● **Exercise instructions**
Every line from the one with "Spending Time With" to the one with "800W, Truper PRO", including those two, is to be copied exactly; all other lines of the entries below are left out.

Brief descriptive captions
■ ■ ■ ■ ■ ■ ■
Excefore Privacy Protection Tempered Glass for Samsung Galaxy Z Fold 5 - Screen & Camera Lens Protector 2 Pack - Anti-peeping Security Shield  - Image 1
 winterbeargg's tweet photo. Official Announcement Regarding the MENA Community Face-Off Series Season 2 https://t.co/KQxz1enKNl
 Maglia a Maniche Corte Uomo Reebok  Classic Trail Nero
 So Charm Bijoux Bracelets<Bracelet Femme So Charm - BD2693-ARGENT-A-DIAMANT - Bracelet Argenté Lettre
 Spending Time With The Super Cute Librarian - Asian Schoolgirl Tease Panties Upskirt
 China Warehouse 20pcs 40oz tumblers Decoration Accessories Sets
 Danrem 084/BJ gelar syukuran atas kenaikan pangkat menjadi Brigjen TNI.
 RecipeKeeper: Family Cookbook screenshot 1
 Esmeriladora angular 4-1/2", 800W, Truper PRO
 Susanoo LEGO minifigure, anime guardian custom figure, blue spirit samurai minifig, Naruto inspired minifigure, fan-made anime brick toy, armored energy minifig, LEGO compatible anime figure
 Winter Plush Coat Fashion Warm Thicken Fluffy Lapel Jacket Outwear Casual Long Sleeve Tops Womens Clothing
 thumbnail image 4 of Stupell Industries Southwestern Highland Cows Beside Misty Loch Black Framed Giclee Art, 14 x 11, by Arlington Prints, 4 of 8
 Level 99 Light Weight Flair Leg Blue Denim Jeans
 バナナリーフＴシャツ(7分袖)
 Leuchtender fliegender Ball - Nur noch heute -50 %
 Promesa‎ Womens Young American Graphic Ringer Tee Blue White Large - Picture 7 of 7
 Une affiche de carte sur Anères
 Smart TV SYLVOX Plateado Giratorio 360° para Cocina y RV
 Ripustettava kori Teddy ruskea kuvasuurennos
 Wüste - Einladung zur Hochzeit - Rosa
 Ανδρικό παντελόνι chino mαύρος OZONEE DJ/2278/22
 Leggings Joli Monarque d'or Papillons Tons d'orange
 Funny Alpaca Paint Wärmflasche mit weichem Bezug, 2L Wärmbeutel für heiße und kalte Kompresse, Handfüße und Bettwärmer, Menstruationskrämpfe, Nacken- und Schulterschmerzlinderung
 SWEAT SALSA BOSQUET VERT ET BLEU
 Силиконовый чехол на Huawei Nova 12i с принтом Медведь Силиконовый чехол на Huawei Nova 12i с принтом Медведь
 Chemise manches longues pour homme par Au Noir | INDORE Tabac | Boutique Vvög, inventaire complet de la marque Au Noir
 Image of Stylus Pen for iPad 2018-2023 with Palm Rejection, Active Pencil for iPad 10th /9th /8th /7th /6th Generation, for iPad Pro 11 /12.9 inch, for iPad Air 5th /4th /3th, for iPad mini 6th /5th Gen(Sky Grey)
■ ■ ■ ■ ■ ■ ■
● **Answer to this problem**
 Spending Time With The Super Cute Librarian - Asian Schoolgirl Tease Panties Upskirt
 China Warehouse 20pcs 40oz tumblers Decoration Accessories Sets
 Danrem 084/BJ gelar syukuran atas kenaikan pangkat menjadi Brigjen TNI.
 RecipeKeeper: Family Cookbook screenshot 1
 Esmeriladora angular 4-1/2", 800W, Truper PRO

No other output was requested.